As we prepare to enter a new decade,  it is always becoming much, much harder to go to that extent when modifying a car.

Integrated systems, emissions requirements and the rampant new laws Democrats keep putting on the books threaten the hobby at every turn. SEMA’s legal efforts have stemmed the tide of many laws dangerous to our hobby. I’m not trying to get political, but facts are facts – and Democrats are hellbent at wiping internal combustion engines off the face of the Earth. I’m all for higher efficiency in gasoline engines, but alternative power technology just can’t support the needs of an industrialist nation.

Wind technology isn’t the answer.
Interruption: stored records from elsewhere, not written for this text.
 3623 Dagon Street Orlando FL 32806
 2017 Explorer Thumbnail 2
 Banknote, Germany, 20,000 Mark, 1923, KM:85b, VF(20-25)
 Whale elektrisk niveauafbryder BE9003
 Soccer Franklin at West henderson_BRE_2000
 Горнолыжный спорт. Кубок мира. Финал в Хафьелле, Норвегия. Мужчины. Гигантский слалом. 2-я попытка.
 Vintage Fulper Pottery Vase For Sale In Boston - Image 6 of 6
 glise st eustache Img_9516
Thomas Home-Dixon wrote, “The concept of net energy must also be applied to renewable sources of energy, such as windmills and photovoltaics. A two-megawatt windmill contains 260 tonnes of steel requiring 170 tonnes of coking coal and 300 tonnes of iron ore, all mined, transported and produced by hydrocarbons. The question is: how long must a windmill generate energy before it creates more energy than it took to build it? At a good wind site, the energy payback day could be in three years or less; in a poor location, energy payback may be never. That is, a windmill could spin until it falls apart and never generate as much energy as was invested in building it.”t takes more energy to produce a single windmill than can evert be produced by that windmill.”
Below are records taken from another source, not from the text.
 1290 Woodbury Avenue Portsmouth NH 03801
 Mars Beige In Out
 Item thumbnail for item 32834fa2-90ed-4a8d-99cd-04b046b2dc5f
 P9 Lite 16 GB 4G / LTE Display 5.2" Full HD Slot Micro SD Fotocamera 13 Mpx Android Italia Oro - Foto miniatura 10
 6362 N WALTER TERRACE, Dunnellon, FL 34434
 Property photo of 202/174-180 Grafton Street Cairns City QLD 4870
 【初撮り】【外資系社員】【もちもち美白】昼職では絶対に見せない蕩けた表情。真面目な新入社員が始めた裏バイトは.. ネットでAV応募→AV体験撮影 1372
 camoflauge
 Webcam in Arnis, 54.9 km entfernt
Solar energy isn’t viable- yet. A study showed it would take 2,000 square miles of solar panels to power the USA’s electrical grid. Hardly practical, and certainly useless at night when the sun doesn’t shine. It would take even more to produce the energy to build 200 million electric cars and to charge them all daily.

In short, the infrastructure isn’t in place to consider alternative power for personal vehicles. In fact, it won’t be in place during my lifetime and probably not during yours. So, while we may see many, many more electric vehicles on the road in the coming years, gasoline engines will still be prevalent in passenger vehicles for at least the next 20 years/

 

The Fast and The Furious Will Die

I cannot imagine a continuation of our beloved Fast and Furious series using cars that sound like RC cars. Movies like “I, Robot” embraced futuristic cars in a fun way, but I have to think that muscle car movies will fade into the sunset – or at least be present only in movies that revolve around some sort of post-apocalyptic scenario.
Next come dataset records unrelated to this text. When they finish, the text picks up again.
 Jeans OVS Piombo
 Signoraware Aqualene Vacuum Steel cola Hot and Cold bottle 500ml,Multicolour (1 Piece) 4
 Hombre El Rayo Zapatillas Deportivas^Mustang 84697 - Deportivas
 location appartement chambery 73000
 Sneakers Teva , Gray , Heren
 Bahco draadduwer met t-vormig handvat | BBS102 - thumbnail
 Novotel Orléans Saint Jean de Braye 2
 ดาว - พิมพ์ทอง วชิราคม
Fortunately, Universal will milk this franchise for another two decades so long as it earns a buck. Spinoff movies, prequels, cartoons, streaming content and God knows what else will keep the interest of some fans, even while the educated, car-savvy audiences leave the franchise their rearview mirror.

As new blood comes into the franchise, new audiences will follow. At some point, there will be people watching the new movies who don’t even know there ever was a street racing element to the series.  We’re rapidly approaching that point.

 

The Golden Age of Gasoline Powered Cars

As I’ve said repeatedly, I believe that we’re in the Golden Age of cars as we know them. Today, if you have the means, you can buy a fully smog-legal 700 to 1000hp street car. Such cars are equipped with all the modern conveniences – air conditioning, power everything and navigation – built right into the car. If we are not at the pinnacle of technology with gasoline-powered cars, then I believe that we’re very close to it.

Like many, I’m loathed to accept the changes without protest. My reasoning is that today’s crop of hybrids and electric cars are so ugly that you have to wonder why car companies don’t fire their entire design groups. I’m confident that these cars don’t need to look feminine hygiene products or Battlestar Galactica shuttlecraft, so what gives? I can only deduce that companies like Toyota just hate us or they’re just so “woke” that they’re blind to classic design cues.

Since I live in the Socialist cesspool of Commiefornia, I imagine that I’ll have to relegate my play car to weekend shows at some point. If and when I buy an electric (or hybrid vehicle), I’ll sleep better at night knowing that I have fire-breathing, gas-guzzling, smog-spraying behemoth sitting in my garage. And while the communist state legislators might someday come for my car, I shall invoke the words of wisdom once uttered by Charlton Heston – “from my cold, dead hands.